TI steps up hiring as orders increase

By David Lammers
EE Times
(05/17/02 16:47 p.m. EST)

DALLAS - After voluntary and involuntary staff reductions last year, Texas Instruments Inc. is hiring again.

Buoyed by a 10 percent increase in orders for the second quarter over the previous quarter, TI has begun "very focused" hiring, with job requisitions for about 300 engineers out of 460 positions to be filled across the company, said Steve Lyle, director of staffing.

"We are looking at very specific skill sets and experience-we look at what they have done," said Lyle. Chip designers currently are "more difficult to find than software engineers, particularly people with experience designing the more complex devices."

Over the past 14 months TI has continued to hire engineers, but only "the cream of the crop" with analog or other difficult-to-find skills, Lyle said.

TI announced a voluntary program in February 2001 for "incentivized early retirement," a company spokeswoman said. About 4,700 workers participated across TI's worldwide operations. In April 2001, TI laid off 2,500 in an involuntary program. The company employs about 35,000 people worldwide, the majority of them engineers, the spokeswoman said.
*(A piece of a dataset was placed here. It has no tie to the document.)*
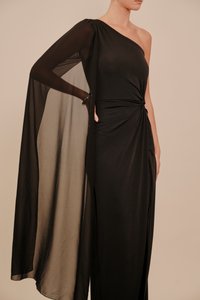 Fekete egyrészes ruha, áramló, átlátszó ujjjal, deréknál csavart csomó részlettel és oldalsó sliccel a mozgás szabadságáért.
"A majority of the people we hire come from our employee reference program," Lyle said, in which employees recommend colleagues, friends or "people that a manager may have seen give a presentation at a conference, who seem to understand a technology that we need at TI. If a TI employee has recommended that a certain person can do a job that we require, we give that person priority."

The employee reference program ensures that TI is recruiting from "the gainfully employed," who might be reluctant to look for a job at another company during such a severe downturn, Lyle said.

TI encourages engineers to submit their resumes in electronic form, Lyle said. The company prefers getting resumes online, he said. It receives between 1,000 and 3,000 resumes each week.

So many "very talented" engineers were thrown out of work over the past two years that it is not possible for TI's hiring managers to contact all those who apply, Lyle said. When a resume is submitted to the TI Web site, a PeopleSoft search engine "parses out the data and refers people to our recruiters, based on a keyword search," he said. "If it is a real match, then we screen their resume further to see if the person truly matches our technology requirements."

Because the volume of applicants can easily overwhelm TI's 40 staffing professionals working mainly in Dallas and Houston, "we don't encourage people to call our staffing officers directly," Lyle said.